Transcribe exactly the stretch of lines beginning at the one containing "Desain Tampak Depan" and closing with the last line of the entries below. Omit images.

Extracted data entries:
<<<<
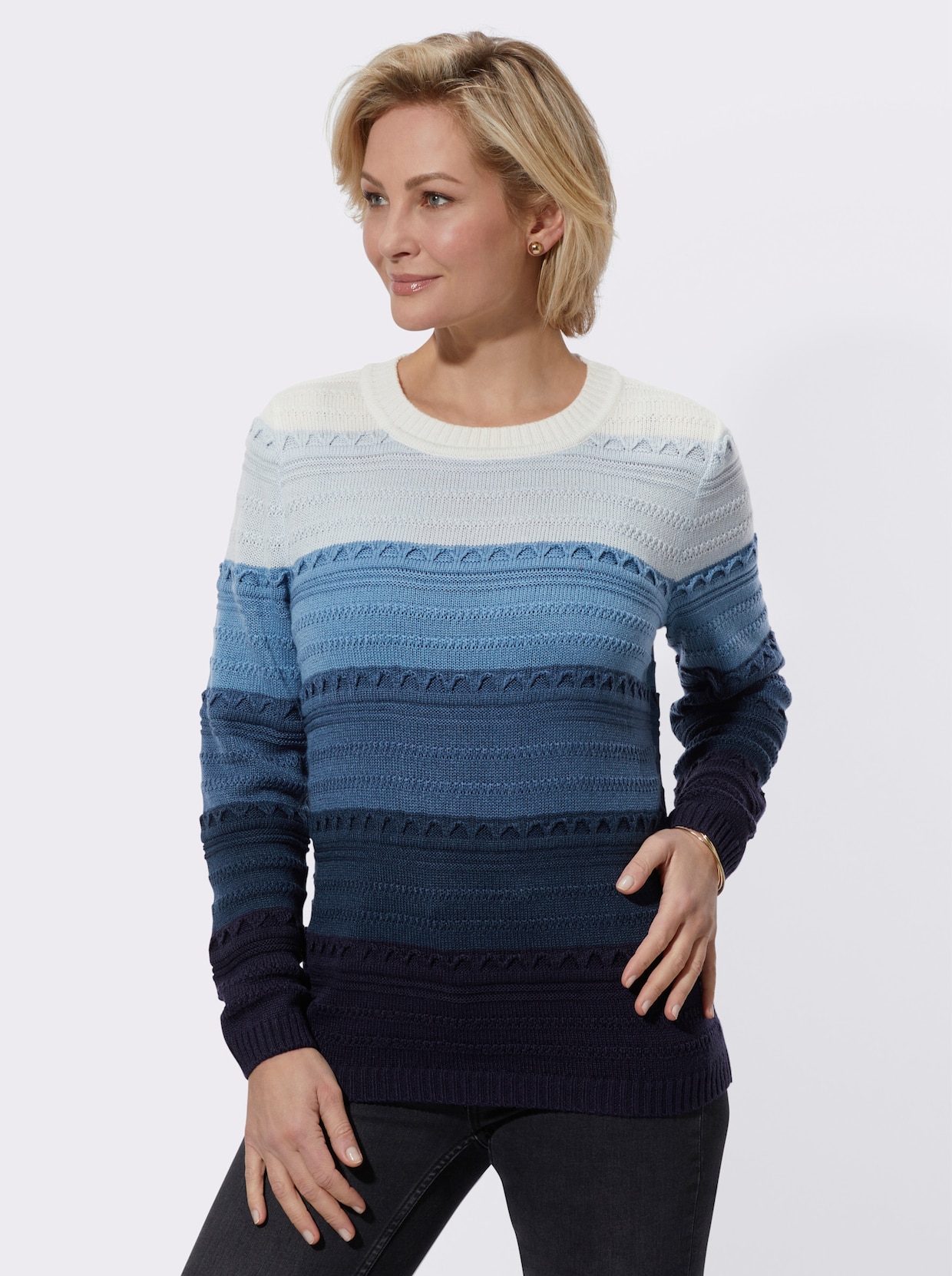 Pullover - jeansblau-gemustert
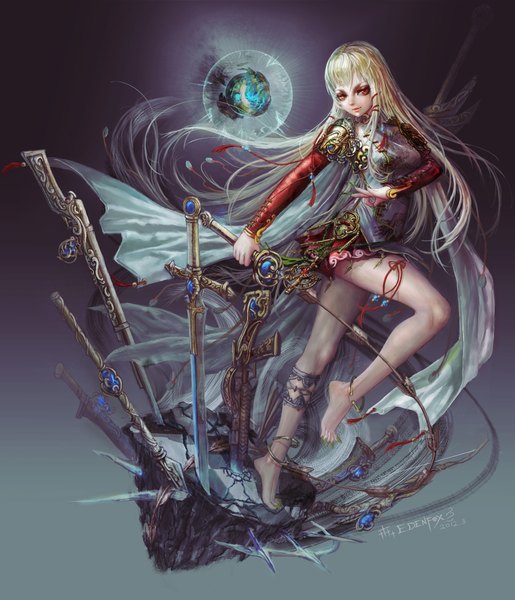 Anime picture 1718x2000 with original edenfox single long hair tall image looking at viewer fringe highres blonde hair red eyes traditional clothes barefoot lips realistic bare legs girl bow weapon sword gun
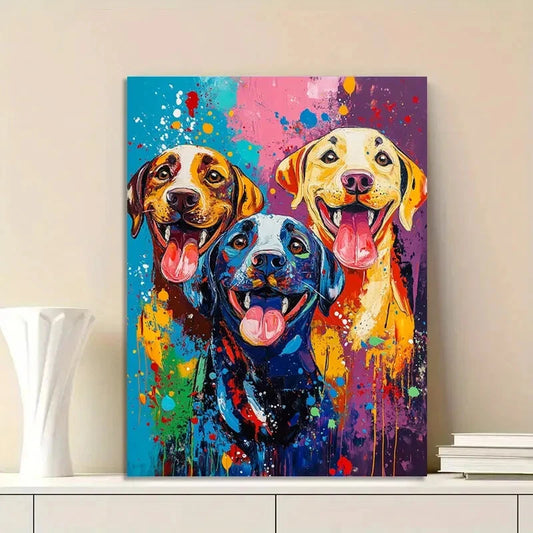 Three Happy Dogs, An Abstract Painting Vivid 40x60cm Metal Print Ready to Hang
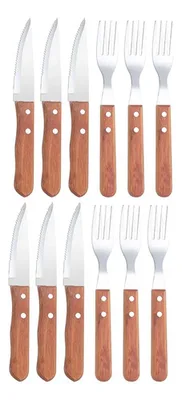 Set Cubiertos Asado Acero Inoxidable Mango Madera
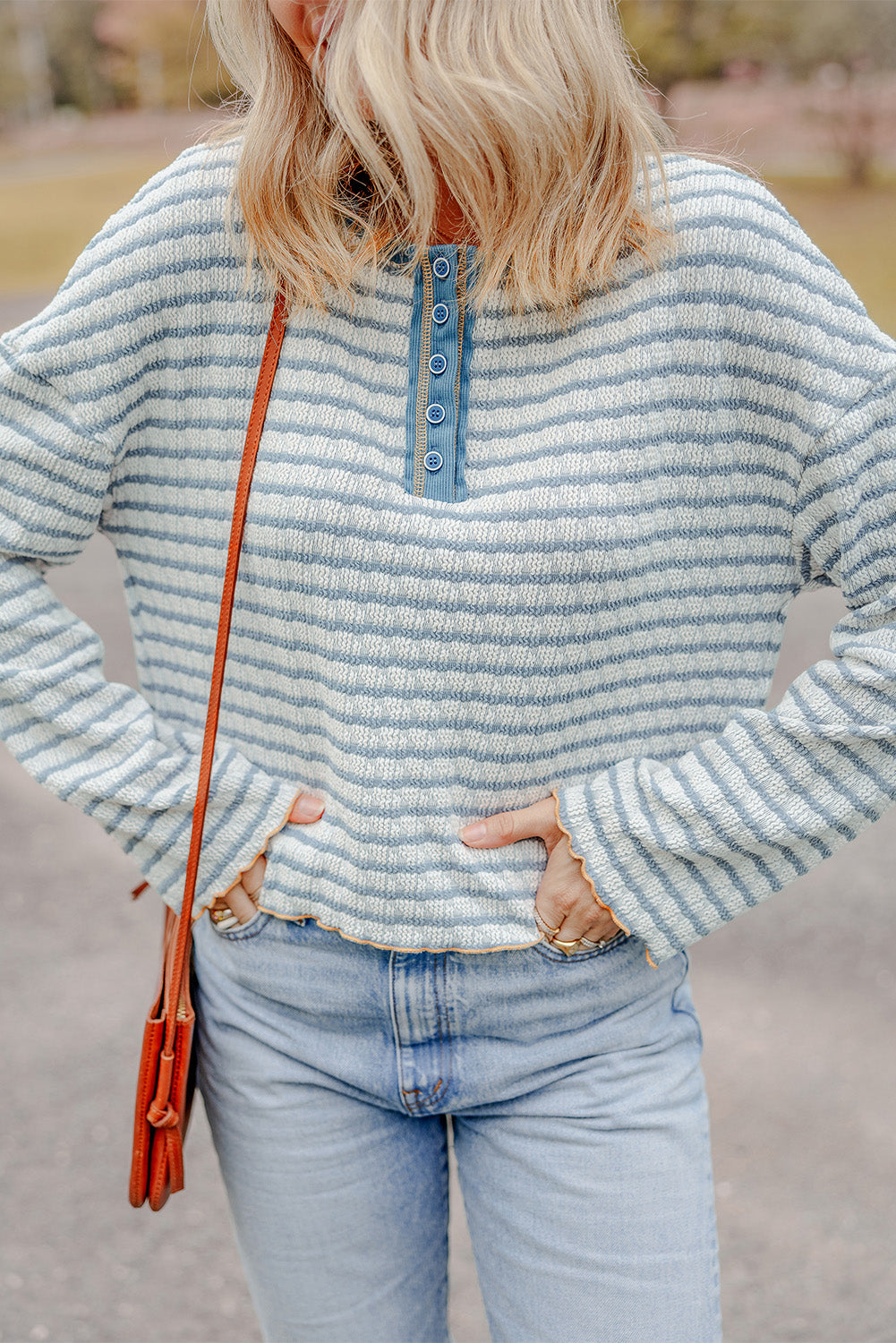 Sky Blue Stripe Textured Trim Henley Top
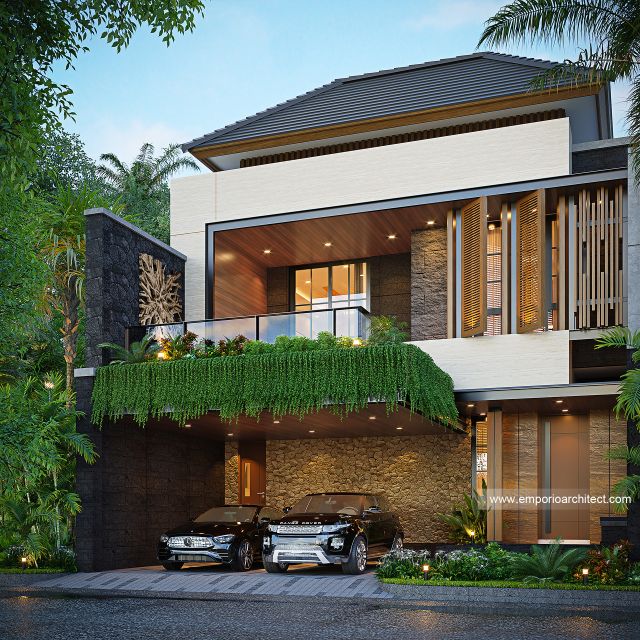 Desain Tampak Depan 2 Rumah Modern 2 Lantai Bapak KKJ di Denpasar, Bali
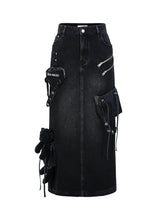 Zipper Utility Denim Skirt - CHINASQUAD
>>>>
* _TASK RESPONSE_:
 Desain Tampak Depan 2 Rumah Modern 2 Lantai Bapak KKJ di Denpasar, Bali
 Zipper Utility Denim Skirt - CHINASQUAD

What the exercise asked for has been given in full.